The current system is built upon outdated and faulty notions of what learning is. The idea that students are buckets to be filled. This has created the problem of what to fill the bucket with, leading education reform to focus on standardization. These standards breed disengagement on the part of the student and hammers out their natural creativity and innate desire to learn. Students only learn to memorize and obey, not to actually internalize the information. Standardized testing only deepens this value of memorization and obedience. It also tells students, and society at large, that these topics are what is considered intelligence. This is not to say that some students aren’t able to survive this environment with good grades, but it is at the cost of their creativity and ability to learn. Many have to struggle needlessly hard, and many more fail and grow to despise learning. This system lacks adaptability, student engagement, and the environment to foster a love of learning. Teachers, as hard as they try, are not in a position to fix this. The system itself is inherently flawed, and the teachers are not in a position to change the system.

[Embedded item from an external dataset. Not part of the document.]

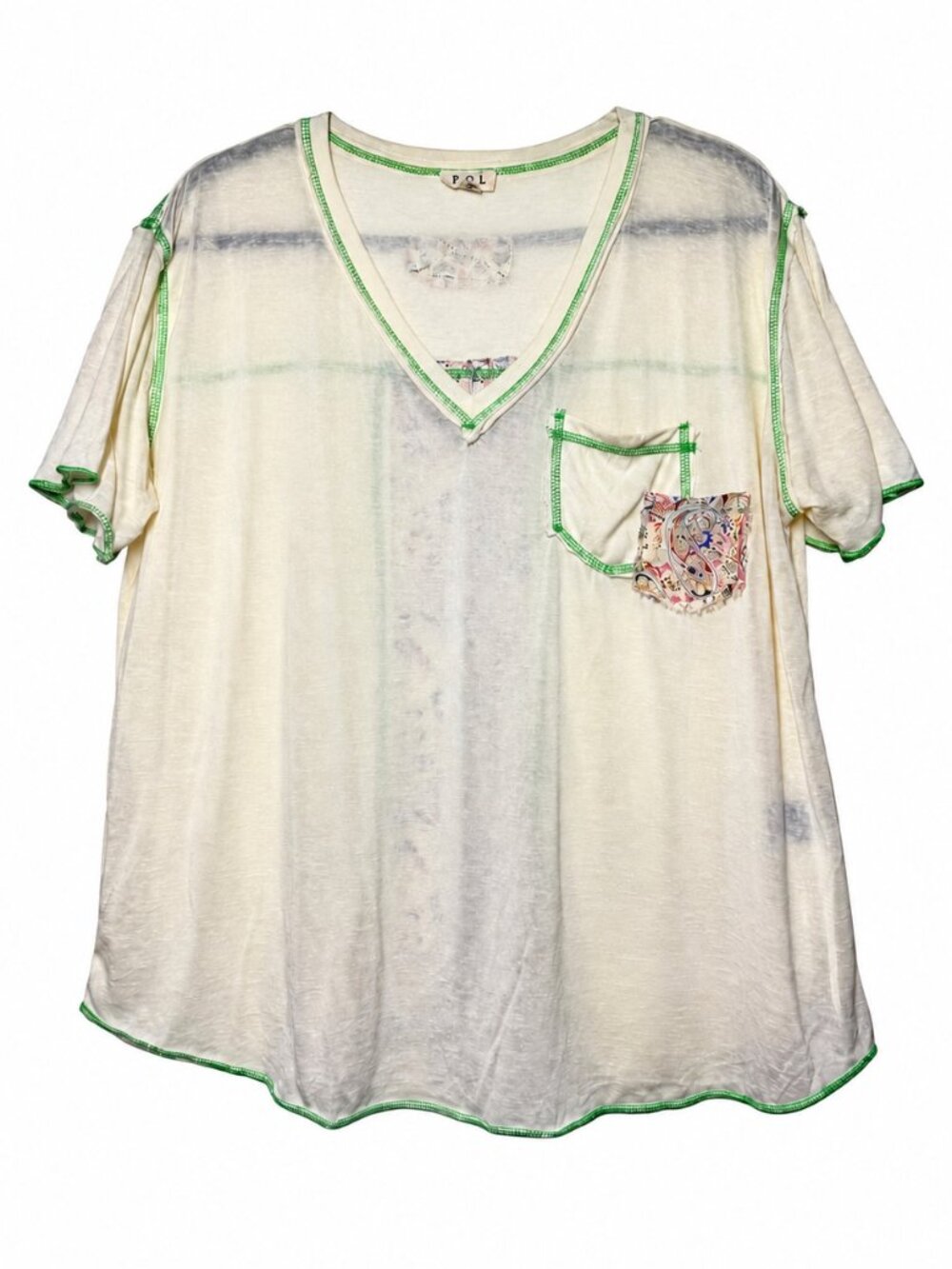 POL V-Neck Boho Paisley Patchwork Slub Knit Top Ivory Green L NWOT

Education reform is not handled by teachers, but by people completely removed from the classroom.
To counter the current system and address the flaws within it, democratic education provides answers and an alternative. Where the current system builds from hierarchy, democratic education’s foundation starts within the classroom. It is based upon values of student-centered education and individualized learning. Giving students a direct voice in their own education and the function of their school. In the same way a worker should own their own labor, a student should own their own education. This is not to say the teacher is subservient to the student. It is to say that the student and the teacher are equals in the classroom, both working towards a common goal. This requires students to have direct input on aspects of the classroom, such as the syllabus, classroom rules, and how they are to be evaluated. This can also expand outside of just the classroom, but also to the school level. Allowing students a direct say in how the school operates and their curriculum. Students and teachers would work together in free and open discussion to better meet the needs of both. Skeptics might call this utopian, but there are real-world examples we can draw from. Ranging from the anarchist schools of Spain, the Ferrer Movement, the Yasnaya Polyana school of Leo Tolstoy, or the Free School Movement.

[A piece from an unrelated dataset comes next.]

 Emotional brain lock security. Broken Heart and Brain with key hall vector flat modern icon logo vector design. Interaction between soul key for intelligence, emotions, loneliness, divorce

To achieve this, it is important to build the system we want within the system of old. It is not enough to simply build the schools we want as alternatives and outside of the system, but to change the system from within through organizing. Students must organize themselves into horizontally organized student unions. Unions that are built around the ideas and principles of anti-hierarchy, free association, mutual aid, discussion and consensus, and egalitarianism. Students need to organize and work with their teachers as well as other essential staff of their schools in order to create an environment that is reflective of these unions. A school that is designed around these ideas and principles. This should not be limited to just your school but also spread and coordinated with other schools as a large-scale movement. We must demand systemic change, not just superficial concessions. This responsibility is also not left solely in the hands of the students, but all necessary aspects of a school. Teachers, janitors, secretaries, school drivers, librarians, and all roles deemed necessary for a school’s function should also organize and work together to achieve this change.
The system as it stands now fails to meet the needs of anyone but the state and the capitalists. It is not a system of education, but of domination and exploitation. It is felt by everyone who works in these schools. This necessitates change, change that must come from the bottom. This is a call for action for all who are failed and exploited by this system to build a new system around the ideas of democratic education. A system of equality, a love of learning, and freedom. Students, organize yourselves. Talk to your friends and peers and organize your classrooms. Talk to your teachers and include them. Build democratic classrooms and cultivate them in other classrooms. Teachers, talk to your coworkers and your students and build this change together. Administrators and politicians work against your interests because it profits them. Make the school function despite them and without them. Unionize, demand this change, and accept nothing less.